Words of Women from the Egyptian Revolution

10 Leil Zahra Mortada Author PhotographEgypt Today
21 September 2013
A new project to shed light on women’s role during January 25
By Nadine El Sayed
After January 25, people thought feminism will finally get its break in Egypt, only to be faced with an unrepresentative female minority in the parliament, a crackdown on women’s march last year and an overall undermining of women’s role in the political scene.But Words of Women from the Egyptian Revolution documentary series hopes to contribute in writing history through telling and highlighting women’s stories duringJanuary 25, as told by them.

“We are a group who decided to shed light on the participation of women in the Egyptian revolution and document their experiences,” says executive producer Nazly Hussein. ”It is meant to empower women everywhere and be available as a tool for researchers and all those interested in the matter.” Hussein adds that they aim to highlight women’s stories to write history accurately.

The group believes the participation of women in January 25 was only natural and was no surprise to anyone, but it is history that often tends to ignore women’s role in political events. “I personally refuse to speak about ‘the role of women’ in the revolution as if it is some extraordinary phenomenon,” says Hussein. “History, however, tends to highlight the particpation of men and attributes most accomplishments to them.” She adds that it is beyond her why people speak about women’s role whereas nobody speaks of men’s role, both are givens and nothing extraordinary.

The documentary is a series of short, 12 minutes profiles on each woman, featuring women from various backgrounds and ages. The women talk about their personal lives and work before January 25 and their participation in the events and where she stands today.

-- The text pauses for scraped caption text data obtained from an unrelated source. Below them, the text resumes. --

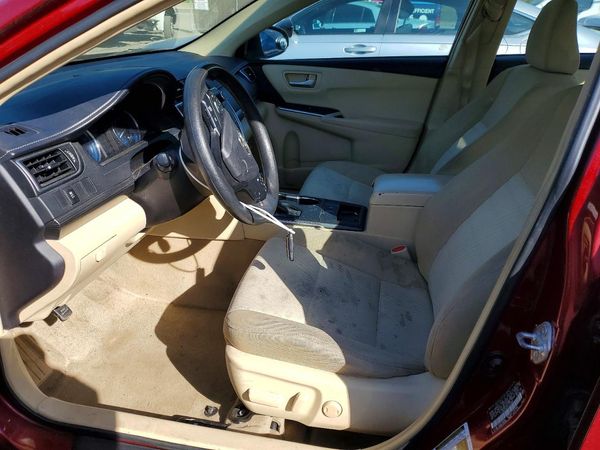 2015 TOYOTA CAMRY SOLA Hybrid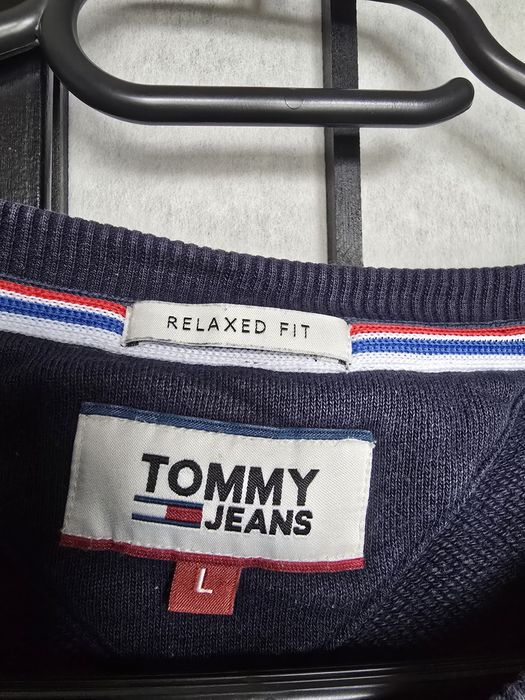 Hanorac Tommy Hilfinger barbat marime L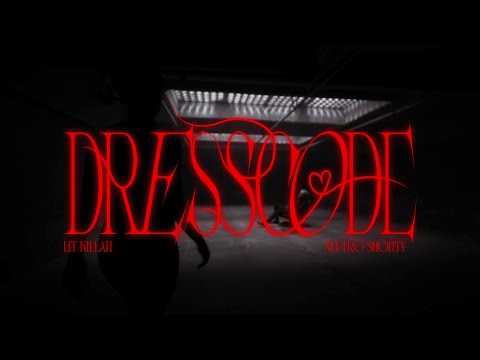 LIT killah, Neutro Shorty - Dresscode (Official Video)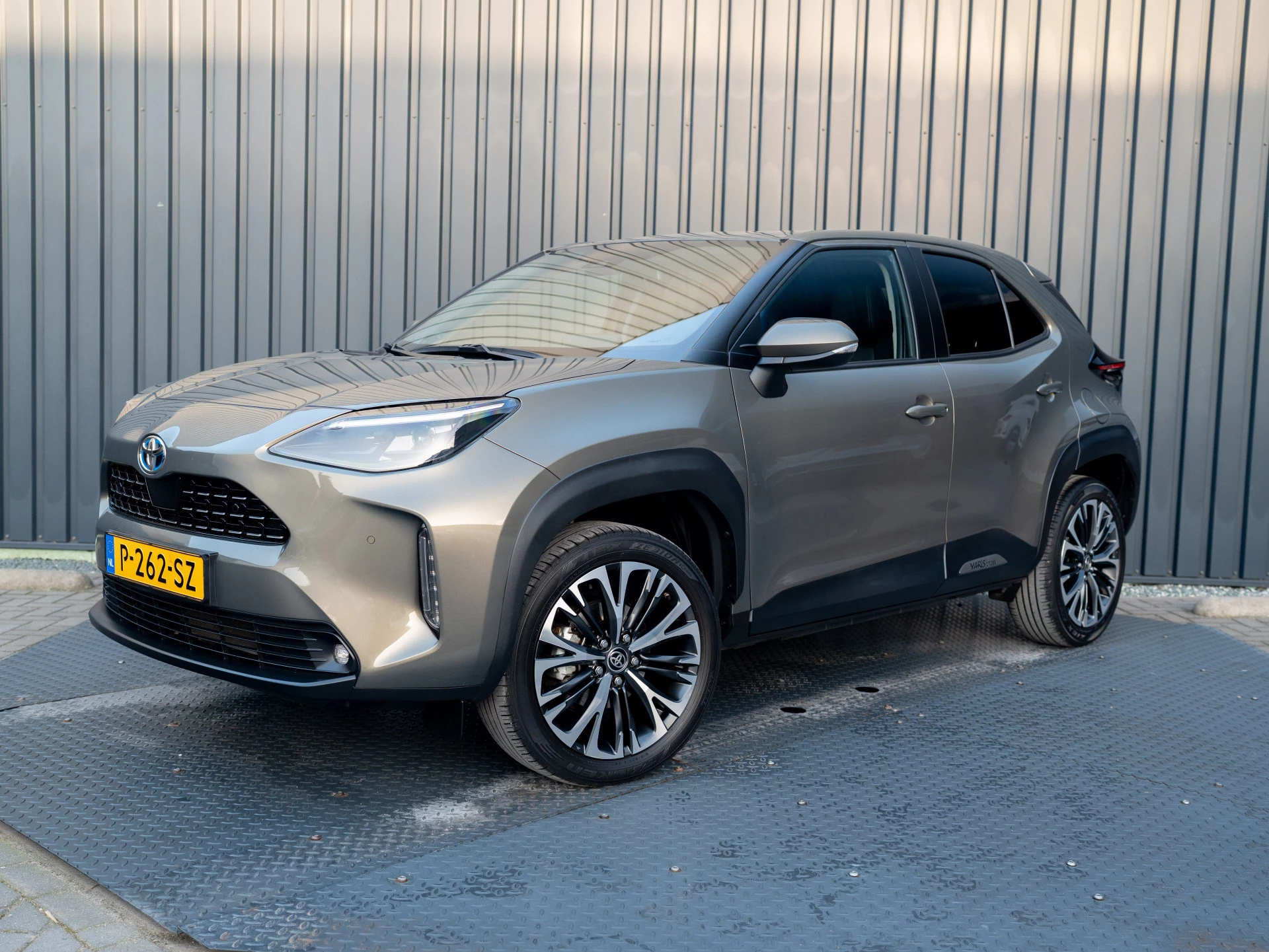 Hoofdafbeelding Toyota Yaris Cross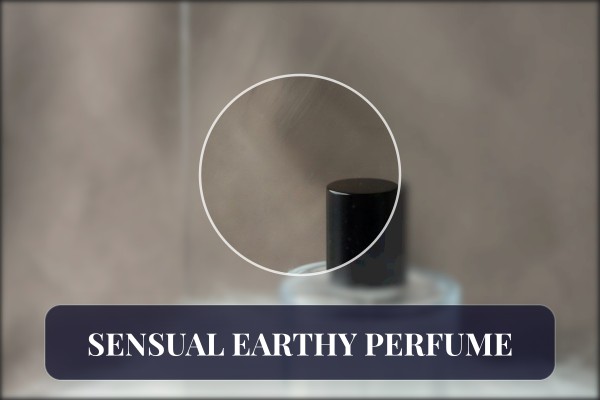 sensual earthy perfume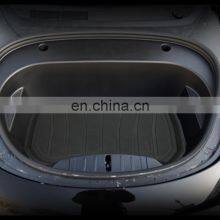 Non-slip Front Rear Trunk Mat For Tesla Model 3 Waterproof Car Interior Accessories thumbnail-3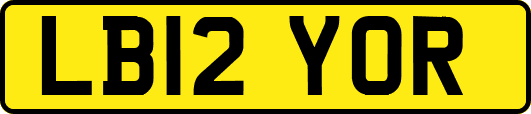 LB12YOR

It sheds light on how average Egyptian housewives found themselves politically engaged and active, how young women from upper classes broke stereotypes and spent days and nights camping in Tahrir and how mothers and daughters marched side by side. The stories are personal, diversified and present a well-balanced reflection of women’s participation in January 25, breaking societal stereotypes of protective Egyptian mothers, passive female participation and sexist beliefs.